An NC7NZ34, all sections in parallel, powered by +6, will put 5 volts
into 50 ohms in about 600 ps.
Thanks. I will have a look at that part. These tiny logic devices are
truly amazing.
I have had a look at some very nice SiGe ultrafast comparators. I will
try them if I do not have good results with SRDs.
You probably refer to the Analog Devices parts.
[zip]
Yes, I do. Something like the ADCMP580.
Thanks a lot!
Email me your address and I'll send you some parts.
John
Hi everybody,
I'm doing my study in Belgium and for my final work I have to do a
pulse generator too.
First I've planned to use a transistor (2N3904) in avalanche area. But
with my circuit, I need a very fast signal generator because the width
of my pulse is proportionnal to the rise time of the signal generator
and I want a 1 ns width pulse, so I need a 1 ns rise time for the
generator...
So I would like to use a SRD instead or inside my circuit. Could you
please tell more about your work? Do you have a particular circuit for
the pulse generator? Please email me and we can share
informations!!
Thanks.
Johan
If the transistor avalanches, the output rise time is unrelated to the
input trigger speed. It fires or it doesn't.
Zetex sells, as far as I know, the only transistors specified for
avalanche use. They are an old diffused process, fairly low Ft, made
in Russia. Newer epitaxials don't seem to avalanche.
John- Hide quoted text -
- Show quoted text -
Hello,
if I understand, I can put any rectangular trigger on my schematics'
input, it will not influence the width of the output impulse (Even if
the rise time is more than 5 ns)? In fact, I would like to have an
impluse of maximum 1ns of duration... if it's smaller, it better!!
What do you mean by the fire or not? Does it mean that the transistor
died? Here is the schematics I would like to use:
http://img156.imageshack.us/img156/9371/uwbrz4.jpgButI don't know
what to put for Vbb ... Do you have any idea??
Johan
That looks OK, but the avalanche will kick a lot of pulse back into
the trigger input. I like to use a small trigger transformer, with the
secondary connected directly b-e on the transistor. A little RF
ferrite core with a few turns on each side, bifalar maybe, works fine
for a ttl-level drive.
You might also add a bit of inductance in series with the output 50
ohm resistor, or even reduce its value, to speed things up a tad. Keep
all lead lengths zero, of course, and build it on a solid ground
plane.
I've never damaged a transistor by avalanching it. Many generations of
Tek sampling heads used avalanche transistors, to either drive the
sampling gate directly or to drive an SRD. There must be billions of
device-hours there, and as far as I nkow, it's not a particular
failure mode. The dual-channel 7S14 uses one avalanche transistor to
drive both sampling bridges. It's spec'd at 350 ps risetime but is
typically about twice that fast.
Picosecond Pulse Labs and Kentec sell commercial avalanche-based
pulsers. We may do one soon too, for a custom application.
John
Thank you for all these advices!!
I've try to simulate the circuit with the avalanche transistor with
PSpice but I think the simulation device don't know the avalanche
mode...
Do you think there is a way to simulate that?
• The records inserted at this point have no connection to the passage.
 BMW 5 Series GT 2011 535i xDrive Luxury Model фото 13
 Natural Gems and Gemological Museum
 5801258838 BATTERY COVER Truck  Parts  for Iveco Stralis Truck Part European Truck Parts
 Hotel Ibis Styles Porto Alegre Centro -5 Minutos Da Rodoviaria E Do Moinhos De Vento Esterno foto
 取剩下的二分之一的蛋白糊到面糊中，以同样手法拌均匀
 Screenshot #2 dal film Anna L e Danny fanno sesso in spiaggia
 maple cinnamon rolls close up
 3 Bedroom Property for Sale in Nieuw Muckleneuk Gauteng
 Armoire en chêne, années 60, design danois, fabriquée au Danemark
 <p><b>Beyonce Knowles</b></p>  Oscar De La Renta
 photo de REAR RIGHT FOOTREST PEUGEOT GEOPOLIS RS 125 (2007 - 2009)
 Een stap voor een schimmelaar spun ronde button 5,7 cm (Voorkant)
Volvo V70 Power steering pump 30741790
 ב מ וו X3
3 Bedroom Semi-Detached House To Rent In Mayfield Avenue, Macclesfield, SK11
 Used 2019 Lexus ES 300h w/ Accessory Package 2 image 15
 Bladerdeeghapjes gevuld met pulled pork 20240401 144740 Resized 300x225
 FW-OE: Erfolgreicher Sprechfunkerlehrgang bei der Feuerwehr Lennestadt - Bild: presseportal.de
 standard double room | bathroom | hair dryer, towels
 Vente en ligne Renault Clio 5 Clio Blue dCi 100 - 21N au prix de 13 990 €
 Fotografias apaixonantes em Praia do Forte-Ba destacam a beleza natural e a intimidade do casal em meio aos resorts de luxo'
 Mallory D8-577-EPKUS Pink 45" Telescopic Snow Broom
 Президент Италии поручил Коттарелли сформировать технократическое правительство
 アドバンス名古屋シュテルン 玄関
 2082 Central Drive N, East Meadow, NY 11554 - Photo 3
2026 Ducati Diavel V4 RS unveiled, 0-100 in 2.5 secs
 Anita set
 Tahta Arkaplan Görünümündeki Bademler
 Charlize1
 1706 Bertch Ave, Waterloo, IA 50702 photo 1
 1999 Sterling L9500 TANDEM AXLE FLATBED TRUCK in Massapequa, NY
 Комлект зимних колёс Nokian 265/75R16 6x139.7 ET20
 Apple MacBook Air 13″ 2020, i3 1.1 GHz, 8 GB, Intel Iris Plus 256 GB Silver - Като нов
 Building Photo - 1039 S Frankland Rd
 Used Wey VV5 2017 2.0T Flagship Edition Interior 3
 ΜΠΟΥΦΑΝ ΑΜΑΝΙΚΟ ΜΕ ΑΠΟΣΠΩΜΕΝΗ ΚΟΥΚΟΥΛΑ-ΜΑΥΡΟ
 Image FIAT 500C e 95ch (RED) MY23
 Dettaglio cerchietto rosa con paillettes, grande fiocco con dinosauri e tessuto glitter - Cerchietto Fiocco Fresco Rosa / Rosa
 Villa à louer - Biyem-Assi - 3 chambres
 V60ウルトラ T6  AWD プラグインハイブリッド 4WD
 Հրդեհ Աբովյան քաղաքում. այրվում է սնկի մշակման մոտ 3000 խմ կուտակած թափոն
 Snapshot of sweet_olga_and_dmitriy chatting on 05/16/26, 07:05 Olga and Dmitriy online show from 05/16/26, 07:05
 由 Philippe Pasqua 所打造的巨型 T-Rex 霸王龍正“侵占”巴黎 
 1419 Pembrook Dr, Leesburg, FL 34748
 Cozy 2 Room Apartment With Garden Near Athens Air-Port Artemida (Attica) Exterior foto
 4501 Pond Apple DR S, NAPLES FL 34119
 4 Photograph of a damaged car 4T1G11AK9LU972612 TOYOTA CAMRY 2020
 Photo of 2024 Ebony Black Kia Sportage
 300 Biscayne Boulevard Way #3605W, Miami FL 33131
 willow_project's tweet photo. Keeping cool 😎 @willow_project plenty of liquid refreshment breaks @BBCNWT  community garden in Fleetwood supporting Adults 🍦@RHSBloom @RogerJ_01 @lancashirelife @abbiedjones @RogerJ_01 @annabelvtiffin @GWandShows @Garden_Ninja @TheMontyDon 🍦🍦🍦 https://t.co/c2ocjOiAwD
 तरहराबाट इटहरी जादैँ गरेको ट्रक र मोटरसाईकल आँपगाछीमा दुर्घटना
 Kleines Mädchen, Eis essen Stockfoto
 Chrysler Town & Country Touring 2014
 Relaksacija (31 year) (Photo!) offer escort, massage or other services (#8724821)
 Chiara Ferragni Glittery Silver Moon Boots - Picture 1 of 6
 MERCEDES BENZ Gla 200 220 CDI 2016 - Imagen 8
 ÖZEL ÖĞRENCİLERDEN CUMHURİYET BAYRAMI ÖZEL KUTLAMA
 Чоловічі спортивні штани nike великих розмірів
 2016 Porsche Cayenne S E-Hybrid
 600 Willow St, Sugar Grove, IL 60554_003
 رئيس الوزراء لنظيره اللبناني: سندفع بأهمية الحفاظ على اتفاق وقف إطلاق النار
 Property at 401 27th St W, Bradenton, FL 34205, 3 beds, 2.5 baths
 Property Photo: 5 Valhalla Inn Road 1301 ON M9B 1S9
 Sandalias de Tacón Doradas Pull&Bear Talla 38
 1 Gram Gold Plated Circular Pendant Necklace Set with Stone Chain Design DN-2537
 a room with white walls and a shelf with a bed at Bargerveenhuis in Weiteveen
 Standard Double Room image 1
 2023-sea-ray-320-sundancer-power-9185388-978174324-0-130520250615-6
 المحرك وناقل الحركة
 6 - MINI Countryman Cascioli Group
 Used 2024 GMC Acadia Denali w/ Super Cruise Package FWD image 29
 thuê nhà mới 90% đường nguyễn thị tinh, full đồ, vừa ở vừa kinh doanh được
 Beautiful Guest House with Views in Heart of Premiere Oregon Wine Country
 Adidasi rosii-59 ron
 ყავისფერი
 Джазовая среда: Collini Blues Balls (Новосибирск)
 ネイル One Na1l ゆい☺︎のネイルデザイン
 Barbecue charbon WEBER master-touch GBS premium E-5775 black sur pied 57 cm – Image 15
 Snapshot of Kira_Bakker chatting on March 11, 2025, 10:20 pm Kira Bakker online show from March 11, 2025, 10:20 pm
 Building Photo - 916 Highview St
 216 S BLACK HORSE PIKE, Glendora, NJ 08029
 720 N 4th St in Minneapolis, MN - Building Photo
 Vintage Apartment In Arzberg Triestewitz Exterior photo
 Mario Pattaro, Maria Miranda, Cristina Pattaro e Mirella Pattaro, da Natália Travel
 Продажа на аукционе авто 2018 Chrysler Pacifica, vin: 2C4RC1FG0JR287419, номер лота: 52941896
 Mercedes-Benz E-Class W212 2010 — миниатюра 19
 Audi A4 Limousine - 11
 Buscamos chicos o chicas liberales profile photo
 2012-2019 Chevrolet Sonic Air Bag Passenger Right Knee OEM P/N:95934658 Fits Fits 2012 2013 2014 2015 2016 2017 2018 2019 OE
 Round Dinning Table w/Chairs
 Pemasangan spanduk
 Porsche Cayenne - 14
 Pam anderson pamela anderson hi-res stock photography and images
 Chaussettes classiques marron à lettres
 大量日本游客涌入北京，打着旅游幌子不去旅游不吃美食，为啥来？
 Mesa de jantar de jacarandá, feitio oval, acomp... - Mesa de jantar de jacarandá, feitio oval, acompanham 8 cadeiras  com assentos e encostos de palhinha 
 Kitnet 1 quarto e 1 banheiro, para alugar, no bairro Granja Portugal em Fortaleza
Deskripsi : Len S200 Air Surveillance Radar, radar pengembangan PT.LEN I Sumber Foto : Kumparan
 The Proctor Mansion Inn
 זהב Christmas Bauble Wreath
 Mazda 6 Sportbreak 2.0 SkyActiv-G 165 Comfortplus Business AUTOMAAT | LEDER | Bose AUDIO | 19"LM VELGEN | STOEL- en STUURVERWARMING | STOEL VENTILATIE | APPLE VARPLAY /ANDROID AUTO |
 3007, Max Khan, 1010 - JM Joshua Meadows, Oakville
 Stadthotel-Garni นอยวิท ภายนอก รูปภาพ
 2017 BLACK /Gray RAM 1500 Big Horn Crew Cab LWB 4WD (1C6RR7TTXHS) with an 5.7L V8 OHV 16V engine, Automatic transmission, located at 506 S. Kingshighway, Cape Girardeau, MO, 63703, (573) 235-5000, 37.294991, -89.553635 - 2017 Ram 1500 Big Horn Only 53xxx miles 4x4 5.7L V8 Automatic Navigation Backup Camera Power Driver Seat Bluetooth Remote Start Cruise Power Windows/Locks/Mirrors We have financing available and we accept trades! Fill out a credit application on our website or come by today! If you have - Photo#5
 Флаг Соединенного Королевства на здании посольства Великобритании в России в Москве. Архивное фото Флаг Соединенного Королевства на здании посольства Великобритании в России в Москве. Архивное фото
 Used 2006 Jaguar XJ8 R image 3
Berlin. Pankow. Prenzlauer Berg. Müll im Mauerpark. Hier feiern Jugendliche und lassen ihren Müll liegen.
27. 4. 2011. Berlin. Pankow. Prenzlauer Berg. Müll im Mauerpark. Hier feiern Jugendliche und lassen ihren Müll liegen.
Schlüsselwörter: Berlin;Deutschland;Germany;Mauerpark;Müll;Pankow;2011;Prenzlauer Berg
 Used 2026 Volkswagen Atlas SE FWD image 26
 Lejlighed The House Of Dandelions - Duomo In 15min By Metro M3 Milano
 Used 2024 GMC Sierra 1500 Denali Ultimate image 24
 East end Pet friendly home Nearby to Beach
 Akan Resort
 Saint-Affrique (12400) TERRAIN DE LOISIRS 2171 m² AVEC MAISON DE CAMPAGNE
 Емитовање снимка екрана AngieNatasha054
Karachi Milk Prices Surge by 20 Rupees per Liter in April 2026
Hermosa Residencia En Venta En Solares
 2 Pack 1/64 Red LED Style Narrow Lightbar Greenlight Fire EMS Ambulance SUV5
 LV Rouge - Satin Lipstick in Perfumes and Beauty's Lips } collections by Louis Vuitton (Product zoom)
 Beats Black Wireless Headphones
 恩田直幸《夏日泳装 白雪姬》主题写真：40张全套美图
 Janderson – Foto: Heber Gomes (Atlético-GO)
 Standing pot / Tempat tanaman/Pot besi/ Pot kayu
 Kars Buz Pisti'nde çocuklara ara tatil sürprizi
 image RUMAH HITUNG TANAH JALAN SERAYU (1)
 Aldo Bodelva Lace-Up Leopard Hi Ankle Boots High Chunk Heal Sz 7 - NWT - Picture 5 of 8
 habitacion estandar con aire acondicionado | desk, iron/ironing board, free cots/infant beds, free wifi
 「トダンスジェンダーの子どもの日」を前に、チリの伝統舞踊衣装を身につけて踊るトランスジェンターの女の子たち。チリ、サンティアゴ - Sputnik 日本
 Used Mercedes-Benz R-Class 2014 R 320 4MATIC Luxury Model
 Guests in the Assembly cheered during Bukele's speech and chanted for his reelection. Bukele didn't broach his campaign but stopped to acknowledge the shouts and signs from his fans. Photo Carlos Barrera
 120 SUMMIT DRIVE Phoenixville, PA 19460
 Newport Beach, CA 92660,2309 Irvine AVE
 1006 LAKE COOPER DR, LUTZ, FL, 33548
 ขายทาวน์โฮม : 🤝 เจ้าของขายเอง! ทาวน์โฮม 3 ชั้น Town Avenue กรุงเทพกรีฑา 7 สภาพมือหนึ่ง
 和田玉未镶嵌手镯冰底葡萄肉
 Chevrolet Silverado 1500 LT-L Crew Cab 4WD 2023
May be with ADS? I've
got it but I've never use it.
Simulation is useless here. Use solder.


I will use a 2N3904 because that's what we have in the laboratory. But
to fixe -Vbb and Rb, I don't really know what to put there. Will it
depend on my transistor breakdown voltage?if I put Rb = 1Mohm and -Vbb
= -60V will it be ok?
To test transistors for avalanche behavior, try...

+300
|
|
100k
|
|
+---------+--- <-- 10M scope probe
| |
| |
| 47 pF
| |
| |
| gnd
|
c
+----b NPN
| e
10k |
| |
+-----+-----------> } 50r coax to attanuator
| gnd--> } and fast scope
|
|
50
|
|
|
gnd

This will self-oscillate and tell you the avalanche voltage and
risetime. Invert supply for PNP of course. Most transistors,
especially modern ones, won't avalanche at all.

I've noticed that some transistors will dump essentially all of the
cap voltage into the load, and some just a fraction. The Zetex parts
seem to turn on hard.

John

Just to be sure...

50r coax to attanuator
gnd--> } and fast scope

are connected to b of the NPN? So I have b ---10k --- gnd and before
gnd I connect fast scope??
Is that correct??

Nope. The 10k base resistor, the 50R resistor and the 50R coax/scope are
all connected to the transistor emitter.